------ Stored data ------
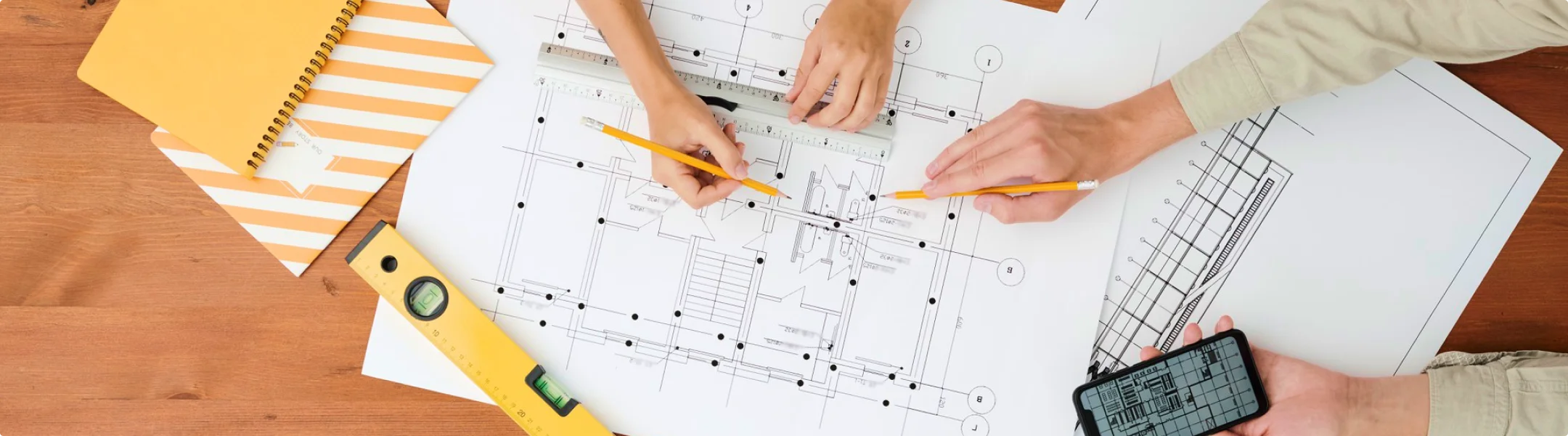 建築設計士と大工が打ち合わせをする様子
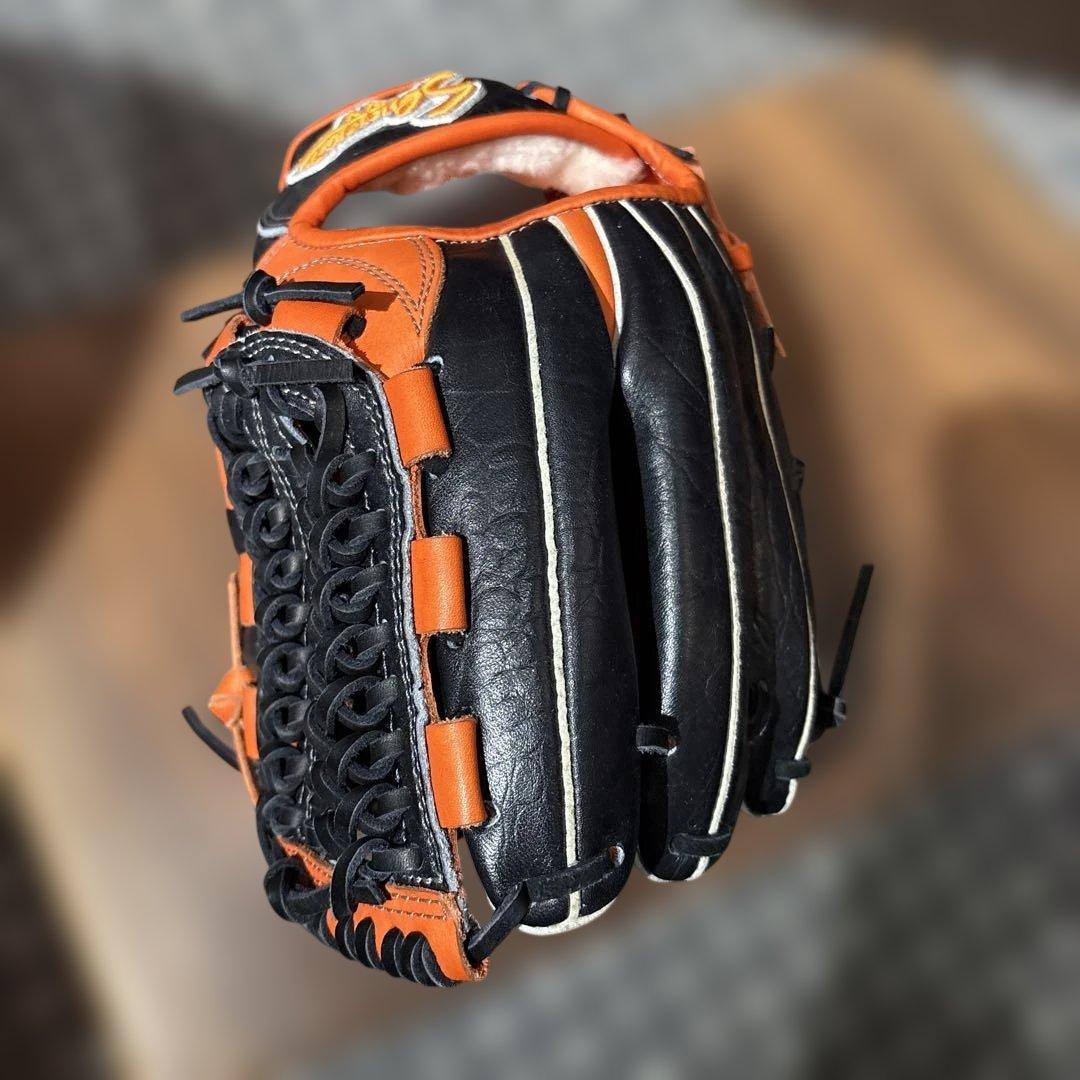 スラッガー　軟式グローブ 黒/オレンジ　湯揉み済み　新品
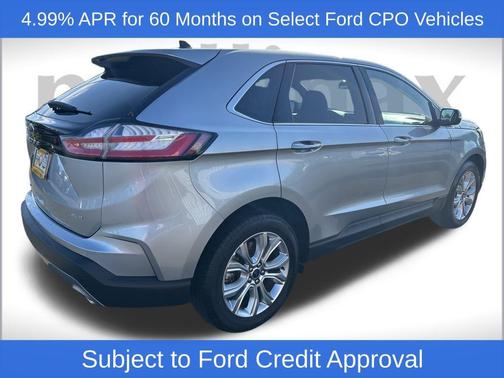 2022 Ford Edge Titanium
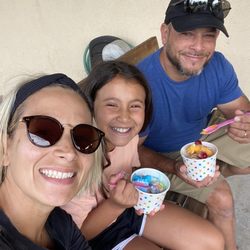 Red Berry Frozen Yogurt - Looking for a refreshing summer snack. Delicious flavors and fun toppings.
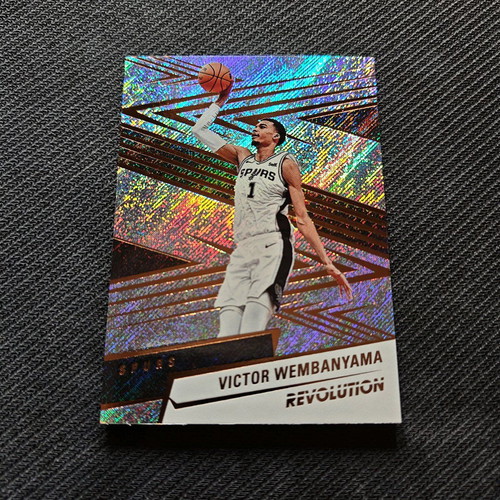 Base card Victor Wembanyama Revolution NBA 24/25 new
------
Output the data above in full. Skip every picture.

Your solution:
 建築設計士と大工が打ち合わせをする様子
 スラッガー　軟式グローブ 黒/オレンジ　湯揉み済み　新品
 2022 Ford Edge Titanium
 Red Berry Frozen Yogurt - Looking for a refreshing summer snack. Delicious flavors and fun toppings.
 Base card Victor Wembanyama Revolution NBA 24/25 new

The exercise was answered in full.